Try it: Write out the entries below exactly, but only from the line containing "Chemise - Rose - Femme" through the line containing "SAFFLE Gift Set", and without the pictures.

Records for this task:
......

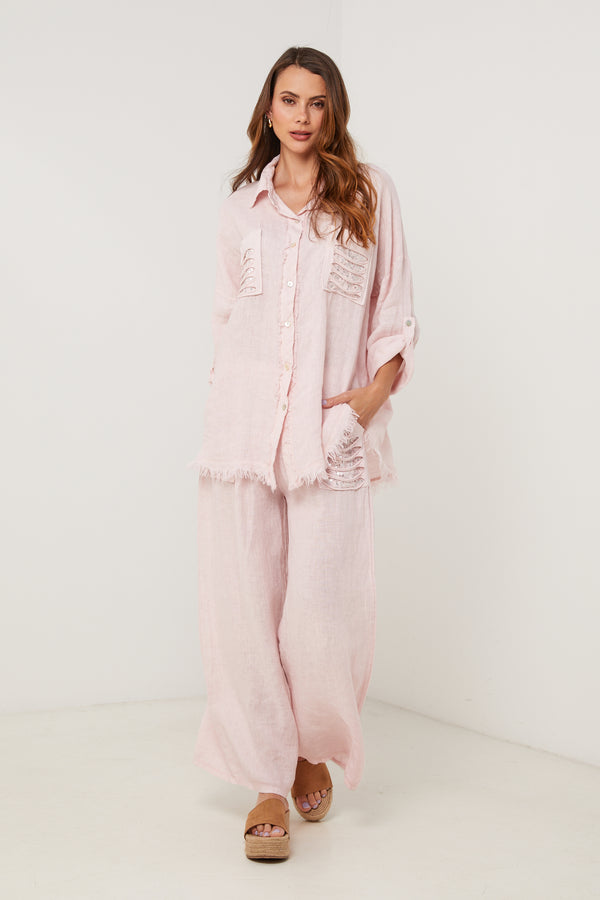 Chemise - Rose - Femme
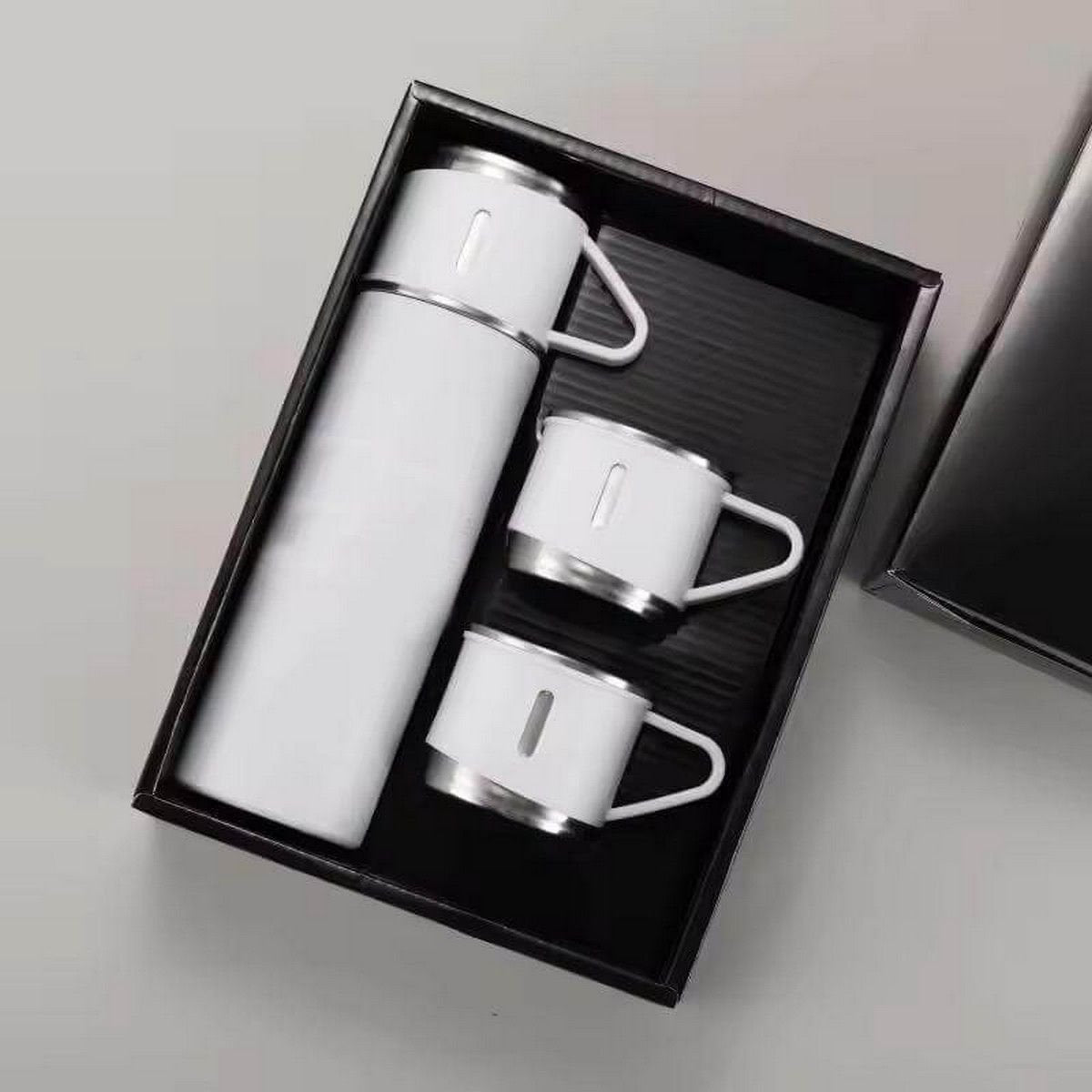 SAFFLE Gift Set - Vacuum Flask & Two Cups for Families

......

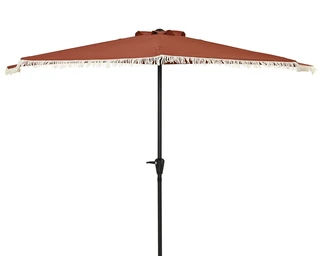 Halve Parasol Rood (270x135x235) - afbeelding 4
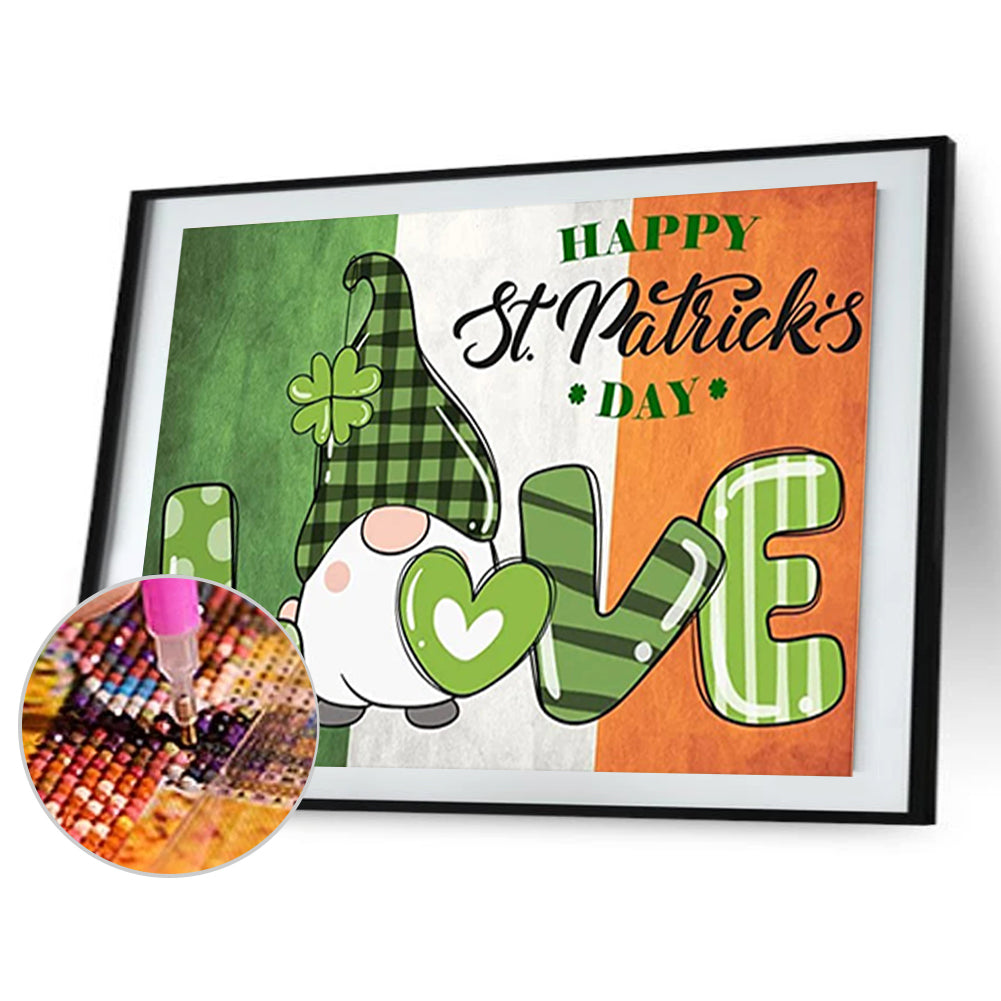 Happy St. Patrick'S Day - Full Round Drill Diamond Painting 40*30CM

......

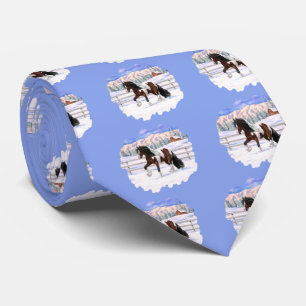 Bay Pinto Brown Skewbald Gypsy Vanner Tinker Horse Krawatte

......

Result for this task:
 Chemise - Rose - Femme
 SAFFLE Gift Set - Vacuum Flask & Two Cups for Families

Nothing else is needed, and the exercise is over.